*** Opening of Provided information ***

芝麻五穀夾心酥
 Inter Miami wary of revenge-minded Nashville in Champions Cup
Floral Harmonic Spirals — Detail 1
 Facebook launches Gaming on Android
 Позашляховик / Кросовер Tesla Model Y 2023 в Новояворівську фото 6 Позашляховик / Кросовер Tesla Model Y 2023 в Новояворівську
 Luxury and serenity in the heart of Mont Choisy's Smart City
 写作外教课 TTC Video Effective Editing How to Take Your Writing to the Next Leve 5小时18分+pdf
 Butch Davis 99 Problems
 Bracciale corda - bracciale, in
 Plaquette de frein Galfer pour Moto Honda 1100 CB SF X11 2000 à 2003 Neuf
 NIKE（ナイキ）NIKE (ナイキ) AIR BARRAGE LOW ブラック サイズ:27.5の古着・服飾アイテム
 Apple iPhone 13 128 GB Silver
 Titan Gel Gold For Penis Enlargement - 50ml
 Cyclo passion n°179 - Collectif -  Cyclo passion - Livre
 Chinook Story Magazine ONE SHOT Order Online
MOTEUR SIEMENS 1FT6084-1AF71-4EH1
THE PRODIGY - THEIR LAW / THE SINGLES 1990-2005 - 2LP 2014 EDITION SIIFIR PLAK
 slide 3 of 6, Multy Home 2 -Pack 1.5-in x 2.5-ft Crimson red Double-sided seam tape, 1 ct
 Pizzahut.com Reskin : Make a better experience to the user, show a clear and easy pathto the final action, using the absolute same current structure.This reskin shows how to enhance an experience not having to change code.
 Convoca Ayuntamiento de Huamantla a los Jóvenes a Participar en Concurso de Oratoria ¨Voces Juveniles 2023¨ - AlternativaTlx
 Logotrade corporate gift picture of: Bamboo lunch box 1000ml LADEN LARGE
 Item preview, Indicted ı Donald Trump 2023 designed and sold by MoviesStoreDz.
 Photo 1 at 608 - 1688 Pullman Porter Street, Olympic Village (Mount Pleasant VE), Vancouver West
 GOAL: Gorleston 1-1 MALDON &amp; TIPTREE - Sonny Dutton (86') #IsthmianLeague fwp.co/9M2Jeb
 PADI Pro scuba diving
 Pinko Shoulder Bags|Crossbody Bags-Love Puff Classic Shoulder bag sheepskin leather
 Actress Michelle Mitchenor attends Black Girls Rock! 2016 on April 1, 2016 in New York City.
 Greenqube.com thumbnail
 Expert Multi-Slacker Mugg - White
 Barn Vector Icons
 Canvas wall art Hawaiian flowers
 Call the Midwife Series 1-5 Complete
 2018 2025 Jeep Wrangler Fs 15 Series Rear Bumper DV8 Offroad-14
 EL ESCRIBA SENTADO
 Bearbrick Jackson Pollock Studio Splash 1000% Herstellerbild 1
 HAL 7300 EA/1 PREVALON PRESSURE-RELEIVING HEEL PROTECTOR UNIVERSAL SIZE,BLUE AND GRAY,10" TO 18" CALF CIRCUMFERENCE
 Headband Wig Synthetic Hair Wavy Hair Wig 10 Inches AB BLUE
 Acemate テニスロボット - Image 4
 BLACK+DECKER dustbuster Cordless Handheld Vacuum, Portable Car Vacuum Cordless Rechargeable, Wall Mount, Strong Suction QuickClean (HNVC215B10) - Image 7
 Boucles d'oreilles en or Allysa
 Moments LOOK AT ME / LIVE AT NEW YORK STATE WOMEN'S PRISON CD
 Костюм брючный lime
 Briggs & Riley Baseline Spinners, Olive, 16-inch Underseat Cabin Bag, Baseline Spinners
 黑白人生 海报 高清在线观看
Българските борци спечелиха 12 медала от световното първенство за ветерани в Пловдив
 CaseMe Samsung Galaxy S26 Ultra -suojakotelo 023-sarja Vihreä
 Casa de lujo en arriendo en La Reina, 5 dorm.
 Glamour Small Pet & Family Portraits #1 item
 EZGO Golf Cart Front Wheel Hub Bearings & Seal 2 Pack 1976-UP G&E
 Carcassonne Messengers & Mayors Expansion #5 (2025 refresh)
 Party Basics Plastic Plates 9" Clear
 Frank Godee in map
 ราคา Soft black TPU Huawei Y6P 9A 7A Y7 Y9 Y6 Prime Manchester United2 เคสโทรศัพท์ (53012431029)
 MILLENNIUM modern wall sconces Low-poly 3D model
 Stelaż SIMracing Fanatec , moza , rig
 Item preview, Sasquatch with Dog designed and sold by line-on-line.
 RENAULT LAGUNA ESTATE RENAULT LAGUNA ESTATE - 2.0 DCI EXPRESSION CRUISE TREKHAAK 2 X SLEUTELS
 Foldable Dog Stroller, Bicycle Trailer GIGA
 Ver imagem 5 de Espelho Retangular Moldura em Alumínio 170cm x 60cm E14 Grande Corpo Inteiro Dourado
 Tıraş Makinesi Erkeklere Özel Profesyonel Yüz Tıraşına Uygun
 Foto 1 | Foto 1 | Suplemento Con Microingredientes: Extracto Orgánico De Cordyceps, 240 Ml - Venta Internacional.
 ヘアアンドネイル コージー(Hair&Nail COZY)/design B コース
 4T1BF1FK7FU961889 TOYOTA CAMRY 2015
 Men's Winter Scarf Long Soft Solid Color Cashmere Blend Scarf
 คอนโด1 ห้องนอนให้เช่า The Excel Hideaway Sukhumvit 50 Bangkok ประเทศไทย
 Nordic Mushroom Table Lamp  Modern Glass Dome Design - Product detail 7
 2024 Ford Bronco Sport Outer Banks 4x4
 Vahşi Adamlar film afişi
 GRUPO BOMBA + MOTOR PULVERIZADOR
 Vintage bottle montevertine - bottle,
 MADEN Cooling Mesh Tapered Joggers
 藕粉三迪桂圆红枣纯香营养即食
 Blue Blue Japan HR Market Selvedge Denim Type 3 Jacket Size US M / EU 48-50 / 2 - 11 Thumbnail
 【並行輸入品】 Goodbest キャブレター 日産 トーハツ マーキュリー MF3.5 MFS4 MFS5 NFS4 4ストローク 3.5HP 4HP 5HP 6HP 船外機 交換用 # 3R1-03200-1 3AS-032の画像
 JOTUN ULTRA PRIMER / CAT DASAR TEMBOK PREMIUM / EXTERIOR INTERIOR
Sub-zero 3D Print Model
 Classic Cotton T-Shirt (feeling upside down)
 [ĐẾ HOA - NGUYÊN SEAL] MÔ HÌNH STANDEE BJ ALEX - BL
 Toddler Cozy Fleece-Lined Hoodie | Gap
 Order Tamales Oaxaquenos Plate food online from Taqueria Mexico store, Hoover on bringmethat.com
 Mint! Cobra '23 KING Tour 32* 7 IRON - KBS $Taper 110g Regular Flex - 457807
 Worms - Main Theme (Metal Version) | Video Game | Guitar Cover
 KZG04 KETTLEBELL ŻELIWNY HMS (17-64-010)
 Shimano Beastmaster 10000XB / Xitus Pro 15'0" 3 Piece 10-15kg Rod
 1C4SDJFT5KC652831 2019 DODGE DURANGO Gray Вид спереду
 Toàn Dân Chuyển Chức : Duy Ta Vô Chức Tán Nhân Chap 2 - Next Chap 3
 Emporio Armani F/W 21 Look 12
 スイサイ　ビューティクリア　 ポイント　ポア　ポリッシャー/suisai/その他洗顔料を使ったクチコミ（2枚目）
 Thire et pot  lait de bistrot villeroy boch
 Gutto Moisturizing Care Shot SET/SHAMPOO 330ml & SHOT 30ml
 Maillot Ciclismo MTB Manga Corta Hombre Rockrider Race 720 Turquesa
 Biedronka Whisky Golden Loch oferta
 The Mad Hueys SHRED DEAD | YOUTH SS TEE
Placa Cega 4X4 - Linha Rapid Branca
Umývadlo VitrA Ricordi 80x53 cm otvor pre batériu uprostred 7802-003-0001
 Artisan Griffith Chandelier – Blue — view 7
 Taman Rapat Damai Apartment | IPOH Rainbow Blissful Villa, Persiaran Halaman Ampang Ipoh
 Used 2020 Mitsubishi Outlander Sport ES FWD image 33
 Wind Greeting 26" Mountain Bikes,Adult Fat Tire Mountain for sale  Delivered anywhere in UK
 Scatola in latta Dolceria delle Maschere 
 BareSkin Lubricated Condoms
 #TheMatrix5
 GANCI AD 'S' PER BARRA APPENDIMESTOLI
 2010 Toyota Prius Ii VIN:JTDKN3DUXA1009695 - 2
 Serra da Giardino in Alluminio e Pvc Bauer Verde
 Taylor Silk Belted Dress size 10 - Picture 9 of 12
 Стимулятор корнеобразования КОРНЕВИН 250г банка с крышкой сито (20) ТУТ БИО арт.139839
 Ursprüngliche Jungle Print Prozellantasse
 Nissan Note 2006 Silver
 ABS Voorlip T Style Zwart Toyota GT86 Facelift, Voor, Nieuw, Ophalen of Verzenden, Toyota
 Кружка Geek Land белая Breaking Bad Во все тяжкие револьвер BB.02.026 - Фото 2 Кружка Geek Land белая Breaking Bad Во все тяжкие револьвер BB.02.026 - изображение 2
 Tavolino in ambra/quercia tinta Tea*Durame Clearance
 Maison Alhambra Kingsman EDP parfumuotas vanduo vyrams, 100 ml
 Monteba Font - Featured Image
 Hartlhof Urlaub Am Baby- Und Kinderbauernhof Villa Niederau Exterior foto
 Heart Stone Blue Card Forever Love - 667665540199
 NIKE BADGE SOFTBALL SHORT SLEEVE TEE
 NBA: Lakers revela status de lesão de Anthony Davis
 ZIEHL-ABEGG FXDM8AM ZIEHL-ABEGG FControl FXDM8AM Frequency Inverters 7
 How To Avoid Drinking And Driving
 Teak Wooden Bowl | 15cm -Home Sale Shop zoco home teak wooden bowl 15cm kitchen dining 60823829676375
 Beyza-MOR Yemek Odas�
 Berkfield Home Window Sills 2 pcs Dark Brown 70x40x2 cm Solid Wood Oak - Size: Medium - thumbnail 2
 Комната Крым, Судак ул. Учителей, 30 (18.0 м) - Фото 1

*** Close of Provided information ***

## Task details
When the line with "Nordic Mushroom Table" is reached in the data above, begin copying, and stop after the line with "Blue Blue Japan"; copy each line exactly, both ends included.

## Exercise response
 Nordic Mushroom Table Lamp  Modern Glass Dome Design - Product detail 7
 2024 Ford Bronco Sport Outer Banks 4x4
 Vahşi Adamlar film afişi
 GRUPO BOMBA + MOTOR PULVERIZADOR
 Vintage bottle montevertine - bottle,
 MADEN Cooling Mesh Tapered Joggers
 藕粉三迪桂圆红枣纯香营养即食
 Blue Blue Japan HR Market Selvedge Denim Type 3 Jacket Size US M / EU 48-50 / 2 - 11 Thumbnail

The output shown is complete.